Smyth struggling on Champions
By Brian Keogh
Struggling Des Smyth is facing a massive battle to stay aboard the Champions Tour gravy train.
But the former Ryder Cup vice-captain admits that he will happily return to Europe if he fails to keep his playing privileges in the US.
After banking $3.75 million on the US seniors circuit in just four and half seasons, Smyth is in no hurry to return home.
But he knows that he could be back sooner than he wants if he finishes the season outside the top 30 money winners.
Currently 36th with $229,126 from 12 starts, Smyth said: "I am playing very badly, very badly. It is a bit of a worry because my form is particularly bad.
"All I can do is work on it. I am trying lots of things and I work off my own notes. Experiment with things.
"But I am just not settling on the golf course. I am playing bad golf and I have lost confidence."
While he has won twice on the Champions Tour, Smyth is without a win in the US since April 2005.
And he has no desire to return to the Q-School he won in 2003 after the format was changed last year.
Q-School graduates now have to Monday qualify and Smyth has no desire to put himself through that torment if the same system is in place next year.

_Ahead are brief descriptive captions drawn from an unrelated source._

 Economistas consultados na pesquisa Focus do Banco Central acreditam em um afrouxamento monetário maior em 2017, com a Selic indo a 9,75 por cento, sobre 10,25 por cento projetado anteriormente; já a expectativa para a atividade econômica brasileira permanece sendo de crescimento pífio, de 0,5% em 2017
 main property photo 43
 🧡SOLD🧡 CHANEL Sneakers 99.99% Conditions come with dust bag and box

He said: "You can't get too down on yourself. And the way I look at it, the last two years on the main tour were great and my first four years on the Champions Tour have been great.

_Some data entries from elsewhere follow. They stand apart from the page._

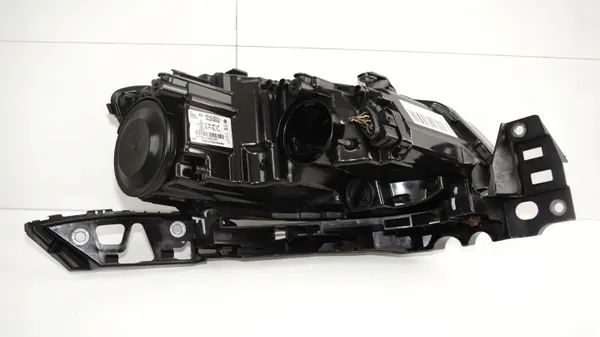 Farol dianteiro esquerdo OEM 360149140 VW Polo 6R image 8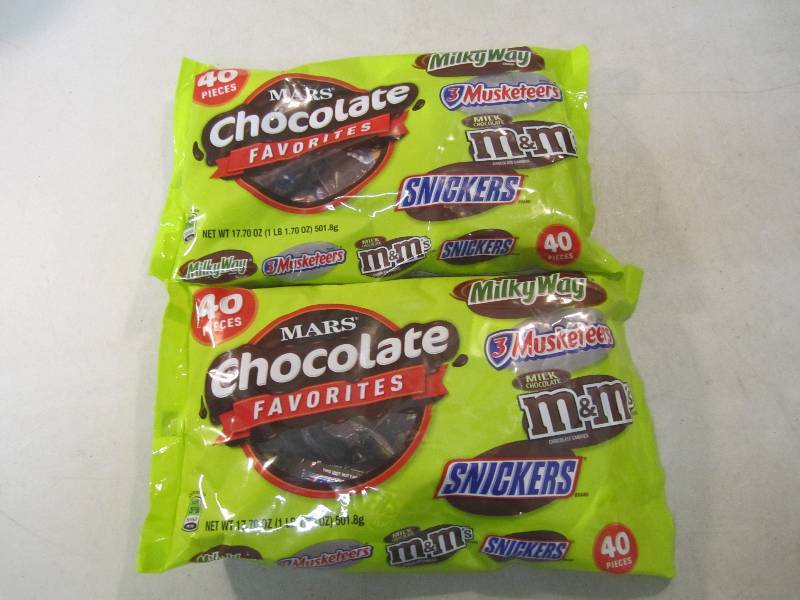 lot 224 image: 2 Big Bags of Mixed Fun Size Candy ...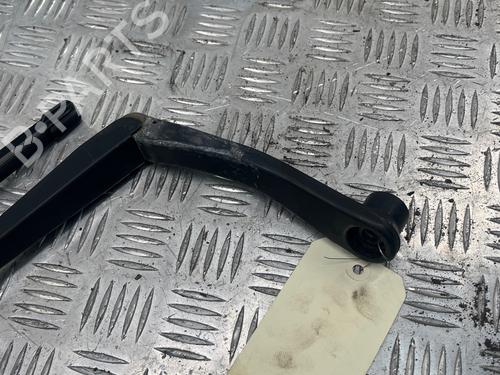 Used Front windshield wiper arm Front windshield wiper arm CHRYSLER PT CRUISER (PT_) 2.2 CRD (150 hp) 40267208 40267208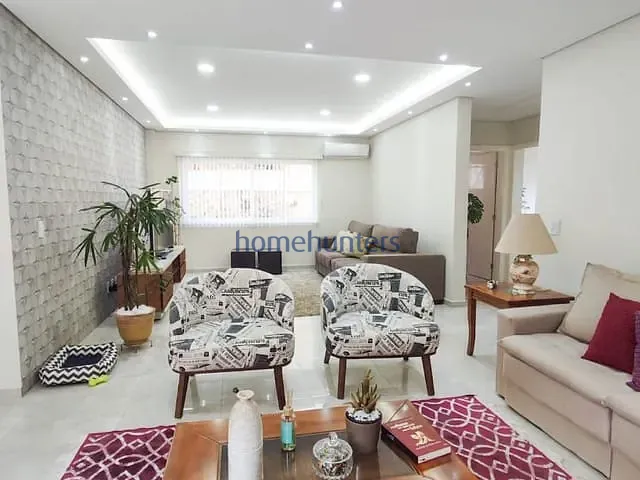 Casa com 360m² 4 quartos e 6 banheiros, à venda, no bairro Swiss Park em Campinas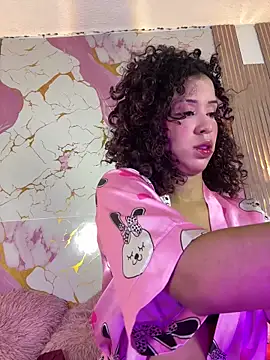 Woo isDaphne online show from May 2026 10:58:02 PM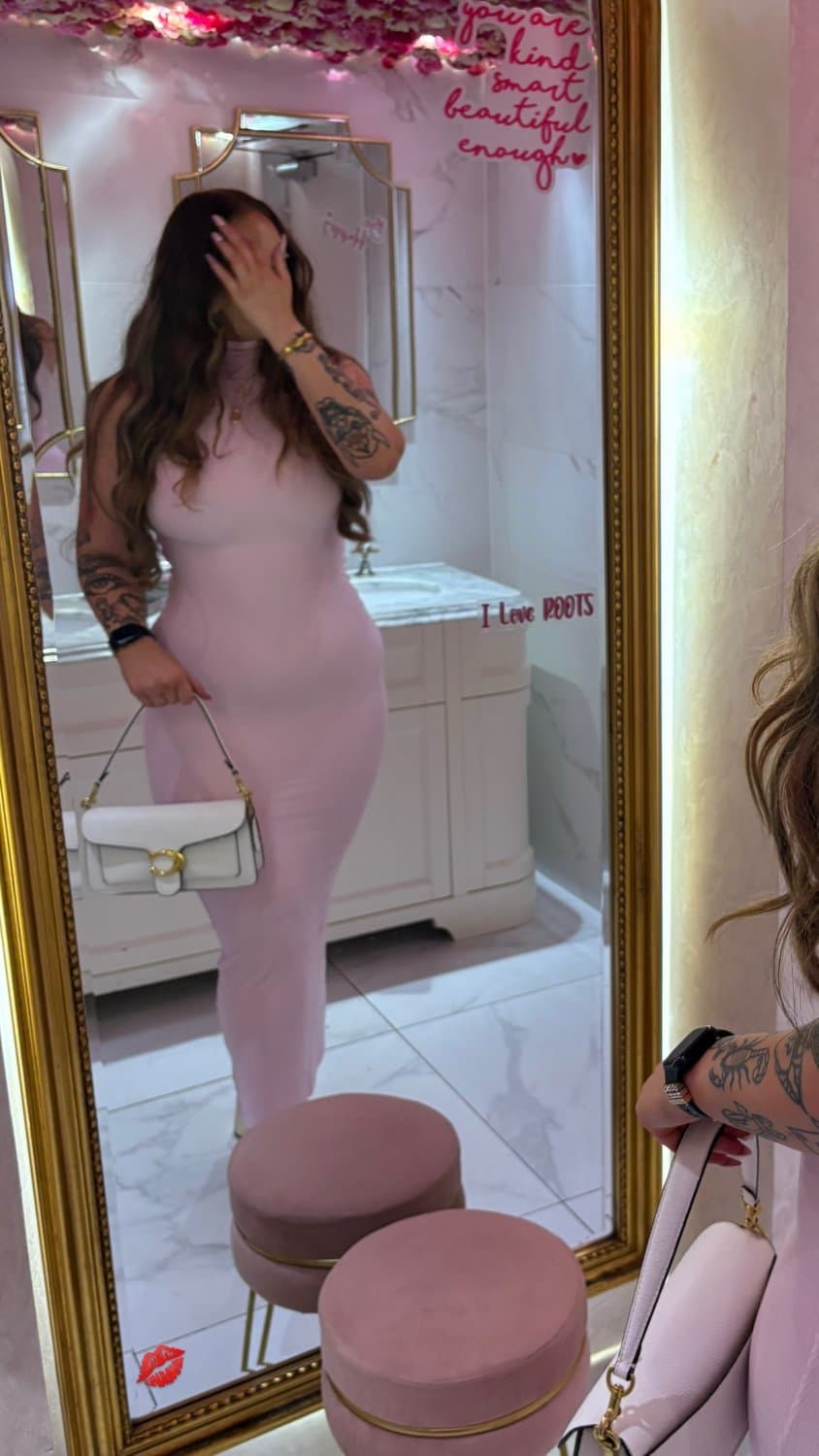 thick gym girl phoebe kitchen 22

"I have played well for six years but the last six months I have played really bad. I have just lost form.
"I have no pans to see anybody and I am trying to work it out, as I always do, on my own. But I do need help.
"I want to stay in the US as long as I can. But I am in the precarious position that if I slip outside the top 30, you are really talking about going back to the school. And they have changed the school since I started.

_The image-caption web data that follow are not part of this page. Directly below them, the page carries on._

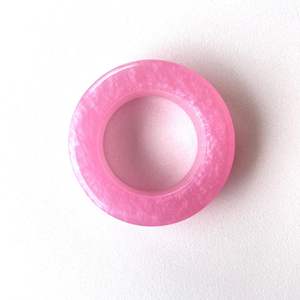 ชุดแหวนผ้าเช็ดปากทรงกลมทำจากเรซิ่น & หลายสี - Product Image 4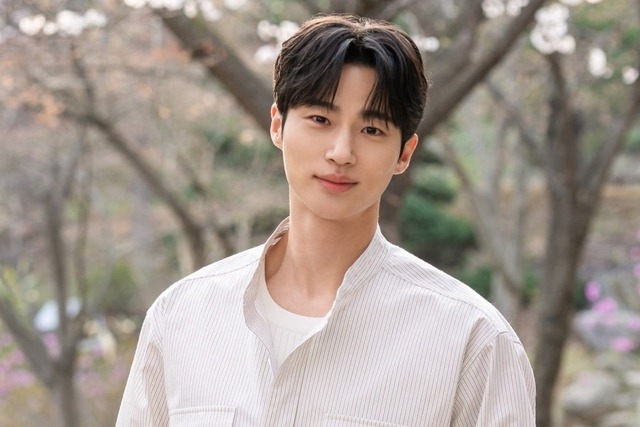 "Cực phẩm visual xứ Hàn" Byeon Woo Seok lại gặp biến, thái độ dửng dưng gây khó chịu- Ảnh 3.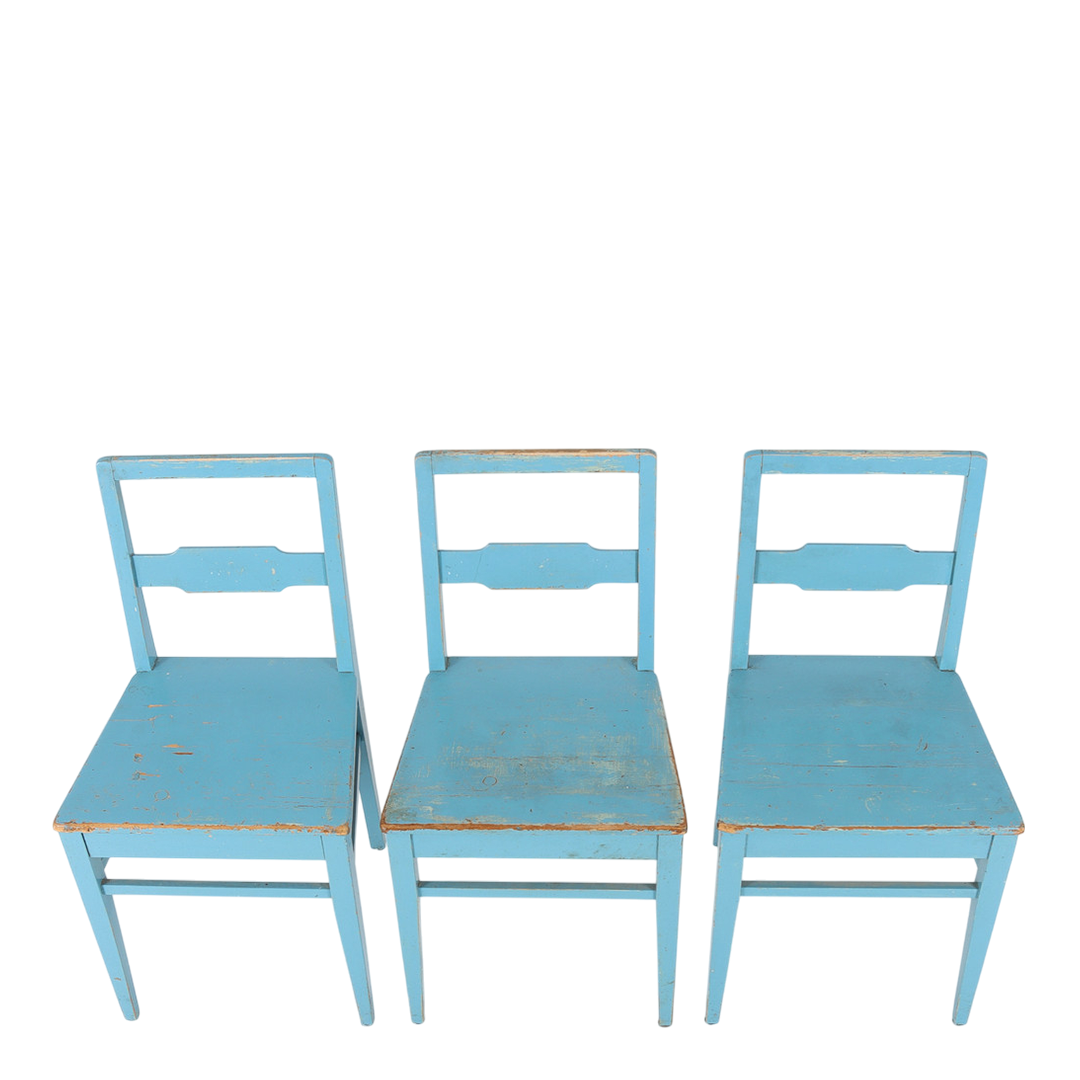 1950s European : simple pinewood side chair in Robin's Egg blue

"There is talk that it might change back again because what they have done hasn't worked. But you could find yourself slipping through the net quite easily.
"I'd be quite happy to play in Europe, if it comes to that I'd look forward to it. Europe is where I'd like to play. But if I can still do it over there, I think I should."
Smyth will play his first European Seniors Tour event of the year outside the senior majors when he tees it up in next week's £500,000 Ryder Cup Wales Seniors Open.
After that he will return to the US to play four in a row and hopefully earn enough cash to secure another lucrative season on the Champions Tour.